Pro-Wrestling Documentary ‘Nine Legends’ Is Magic, For the Children
Just because professional wrestling is staged, that doesn't make it any less real. This is the paradoxical koan at the heart of Nine Legends, an officially WWE-sanctioned documentary chronicling the life and times of the sport’s greatest icons. Heavy hitters including Chris Jericho, Dynamite Kid, and none other than everyone’s favorite ear-biter Mike Tyson make appearances in the newly unveiled trailer embedded above to discuss what the sport means to them, in all its theatrical, over-the-top glory. As Mountain Goats frontman John Darnielle explained on his recent wrestling-themed LP Beat the Champ, the lure of wrestling lies in the outsized characters, the heels and heroes. It could not matter less that the matches are scripted, or that these men secretly don’t hate each other. Performance is performance, and wrestling is just ballet on ‘roids and speed.
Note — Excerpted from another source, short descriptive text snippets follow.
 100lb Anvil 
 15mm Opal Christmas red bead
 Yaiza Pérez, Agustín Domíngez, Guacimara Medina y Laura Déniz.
The new trailer exposes a decidedly more bizarre dimension of the film’s core concept as well. Though the documentary has just now been made available to stream in full for five measly dollars over at the official site, it also apparently includes a fictionalized frame story taking place in 2050 wherein a young boy listens to his grandfather relay fantastic tales of interviewing professional fighters back in the day. (Because this wouldn’t be professional wrestling without a healthy mixture of reality and fakery.) What’s more, apparently that frame story sends the young boy back to 2013, meaning that this film is both three years behind and thirty-four years ahead of schedule. An online-only release, Nine Legends won’t break any box-office records, but for fans of wrestling — an extremely fun, goofy thing to be a fan of — it’s a must.